Advertisement

France’s Nicolas Sarkozy seeks Group of 20 meeting on Japan

Share

French President Nicolas Sarkozy has called on leading economic powers to gather next month and discuss the global consequences of the earthquake, tsunami and nuclear threat that have plunged Japan, the world’s No. 3 economy, into crisis.

An emergency meeting of the Group of 20 economic and energy ministers was proposed by France on Monday night at a session of the Group of 8 powers in Paris. Monday’s meeting had been convened to craft a strategy for deterring bloodshed and unrest in Libya.

The G8 foreign ministers remained at odds about whether to impose a no-fly zone over Libya, where the superior armaments and air force of Libyan strongman Moammar Kadafi have driven back rebels fighting for an end to his 41-year-old authoritarian regime.
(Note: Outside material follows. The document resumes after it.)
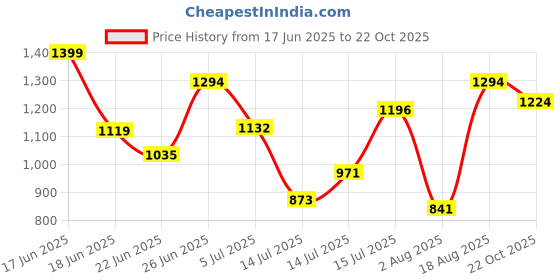 ajio.com showoff Women Front-Open Shrug with Full Sleeves showoff Price History Graph from 17 Jun 2025 to 22 Oct 2025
Government forces have used air power to fire on the poorly armed and trained rebels, who had earlier captured important coastal cities and oil sites in the see-saw battle that has been raging for nearly a month.

Advertisement

The foreign ministers referred the no-fly zone debate to the United Nations Security Council, calling on the world body to reopen discussion on Libya and consider other measures to deter the use of force by Kadafi’s loyalists, Italian Foreign Minister Franco Frattini said after the Paris gathering.
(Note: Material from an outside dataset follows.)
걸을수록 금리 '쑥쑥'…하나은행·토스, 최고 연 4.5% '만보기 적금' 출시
Attention instead turned to the mounting economic threats in Japan.

“President Sarkozy has proposed a meeting of G20 economy and energy ministers to discuss the impact of the earthquake on the global economy and the world energy system,” Frattini said.

Japan is also the world’s third-largest oil consumer, and demand could grow as the disaster-plagued nation seeks to replace lost nuclear power capacity. Nuclear energy supplied 30% of the island nation’s power needs before Friday’s 8.9-magnitude earthquake damaged a reactor complex in northeast Fukushima prefecture, forcing a shutdown of much of the national nuclear system. The earthquake and the devastating tsunami that followed knocked out the power supply to the cooling system at several of the reactors, triggering a series of hydrogen explosions and raising fears that a major accident and nuclear contamination could be looming.